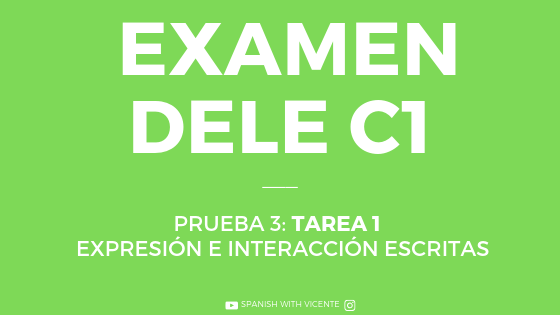 tarea 1 expresión escrita dele c1 prueba 3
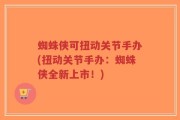 蜘蛛侠可扭动关节手办(扭动关节手办：蜘蛛侠全新上市！)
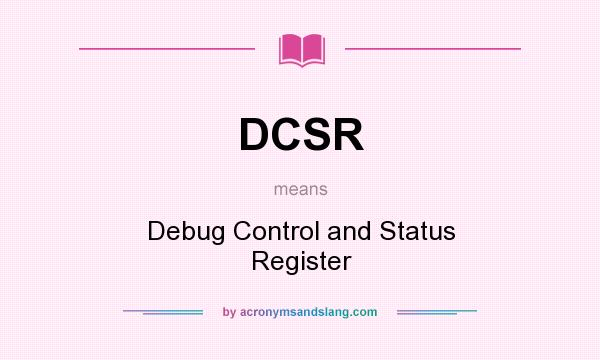 What does DCSR mean? It stands for Debug Control and Status Register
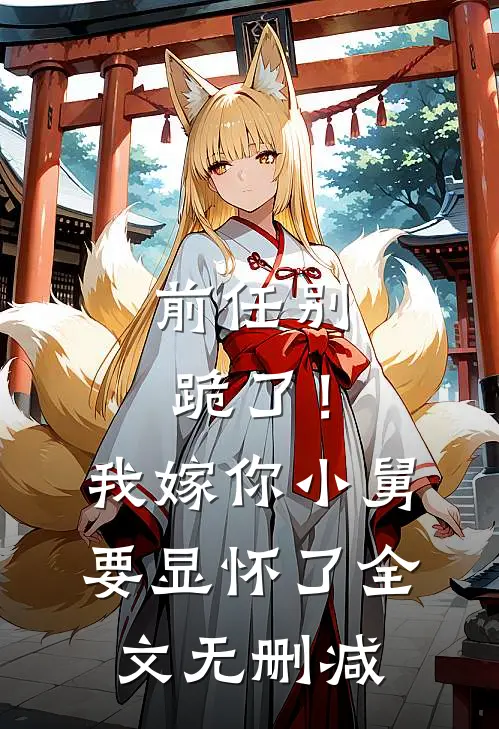 前任别跪了！我嫁你小舅要显怀了全文无删减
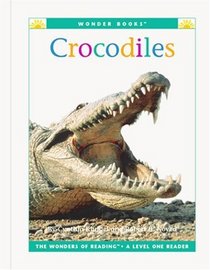 Crocodiles (Wonder Books Level 1 Endangered Animals)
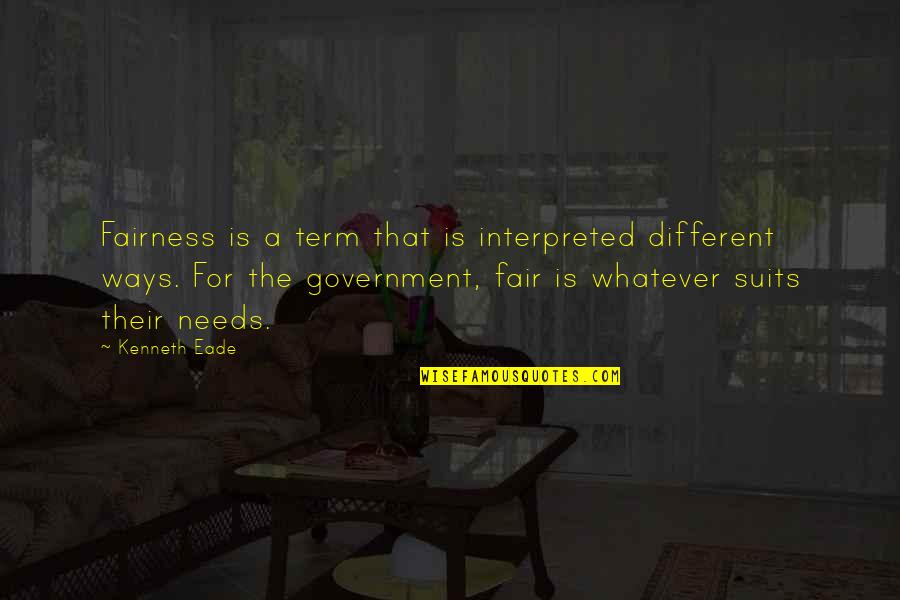 Interpreted Quotes By Kenneth Eade: Fairness is a term that is interpreted different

----------

Transcribe exactly, and only, the lines from the one with "前任别跪了！我嫁你小舅要显怀了全文无删减" through the final line of the data above. The pictures stay out.

 前任别跪了！我嫁你小舅要显怀了全文无删减
 Crocodiles (Wonder Books Level 1 Endangered Animals)
 Interpreted Quotes By Kenneth Eade: Fairness is a term that is interpreted different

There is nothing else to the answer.